The remainder of this paper is organized as follows. In Sect. 2, previous work related to this paper is described. The formal definitions of our problem are given in Sect. 3. In Sect. 4, important properties which are applied in our algorithms are discussed. Followed by two accelerated greedy algorithms in Sect. 5. The performance of our algorithms on synthetic and real datasets is presented in Sect. 6. Finally, Sect. 7 concludes this paper and points out our future work.

2 Related Work

Top-k [1,2,3,4] and skyline [5,6,7,8,9] operators have received considerable attentions during last two decades as they play an important role in multi-criteria decision making. However, top-k operator requires users to specify their utility functions and it may be too hard for users to specify their utility functions precisely while skyline operator has a potential large output problem which may make users feel overwhelmed. Motivated by the deficiencies of these two operators, a lot of alternatives have been proposed in recent years.

From top-k perspective, Mindolin et al. [8] asked users to specify a small number of possible weights each indicating the importance of a dimension. Lee et al. [4] asked users to specify some pair-wise comparisons between two dimensions to decide whether a dimension was more important than the other for a comparison. However, these studies ask users to specify their utility functions, which may be a heavy burden on users. In [7], skyline points were ranked according to the skyline frequency, which was a measure of how often points appear as skyline points in each particular subspace. The frequency ranking skyline query thus returned the k skyline points with the highest skyline frequency. However, this sort of quality measure is highly subjective and hard to verify.

Other works are in view of skyline operator. Researchers attempt to reduce the output size of the skyline operator. The k representative skyline proposed by Lin et al. [14] represented the whole skyline with only k skyline points which dominated the most non-skyline points in the database. Tao et al. [15] demonstrated the approach provided by [14] was not stable. Instead, they proposed distance-based representative skyline borrowing the idea of solving the k-center problem and provided a solution that the maximum distance from any skyline point to its nearest representative skyline was minimized. This method captures the contour of the full skyline well, but is not scale-invariant. Magnani et al. [16] introduced an approach, which was trying to make the diversity of the k representative skyline points returned as large as possible. A recent approach based on the diversity measure was proposed by Søholm et al. [17], which returned the k skyline points, such that the coverage was maximized. Also, [18] proposed a new criterion to choose k skyline points as the k representative skyline for data stream environments, termed the k largest dominance skyline. Unfortunately, all these methods are not stable, scale-invariant or with deficiencies of top-k or skyline operators.

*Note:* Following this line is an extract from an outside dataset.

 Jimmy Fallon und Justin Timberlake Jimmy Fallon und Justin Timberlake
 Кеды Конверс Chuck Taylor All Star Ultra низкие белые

To alleviate the burden of top-k for specifying accurate utility functions and skyline operator for outputting too many results, regret-based k representative query was first proposed by Nanongkai et al. [10] to minimize user’s maximum regret ratio. The stable, scale-invariant approach returned an approximation of the contour of the full skyline without asking users to input their utility functions. However, the approach proposed by them suffers from a heavy burden on the function evaluations by Linear Programming to seek the point with maximum regret ratio in linear utility space. Several works extended Nanongkai et al. [10] to some extent. Peng et al. [19] proposed the concept of happy points considered as candidate points for k-regret query and showed that happy points were better used as candidate points compared with skyline points due to their small size resulting in more efficient algorithms. However, the overall time complexity of finding all happy points is \(O(d^{2}n^{2})\) which is undesirable when n is very large. To reduce the bounds of regret ratio, [20] combined user’s interactions into the process of selection. [13] introduced the relaxation to k-regret minimizing sets, [21] extended linear utility functions to non-linear utility functions for k-regret queries and [22] proposed the metric of average regret ratio to measure user’s satisfaction. Recently, [23] developed a compact set to efficiently compute the k-regret minimizing set and [24] studied the kRMS, which returned r tuples from the database which minimized the k-Regratio. [25] and [26] developed efficient algorithms for kRMS. Rank-regret representative was proposed as a way of choosing a small subset of the database guaranteed to contain at least one good choice for every user in [27]. Xie et al. [28] proposed an elegant algorithm which has a restriction-free bound on the maximum regret ratio. Our research is from another respective: lazy evaluations by reducing LP calls thus improving the efficiency.

3 Problem Definition

Let D be a set of n d-dimensional points over positive real values. Each point in D can be regarded as a tuple in the database. For each point \(p\in D\), the value on the i-th dimension is represented as p[i]. We assume that users prefer to the smaller values. Before we define our problem, some definitions of utility function, happiness ratio and minimum happiness ratio are given.

Definition 1

(Utility Function). A utility function u is a mapping u: \(\mathbb {R}_+^d \rightarrow \mathbb {R}_+\). The utility of a user with utility function u is u(p) for any point p and shows how satisfied the user is with the point.

Definition 2

(Happiness Ratio). Given a dataset D, a set of S with points in D and a utility function u. The happiness ratio of S, represented as \(H_D(S, u)\), is defined to be

$$ H_D(S,u)=\frac{\max _{p\in S} u(p)}{\max _{p\in D}u(p)} $$

The happiness ratio is in the range (0, 1]. According to the definition of happiness ratio, the larger the value of happiness ratio is, the happier the user feels.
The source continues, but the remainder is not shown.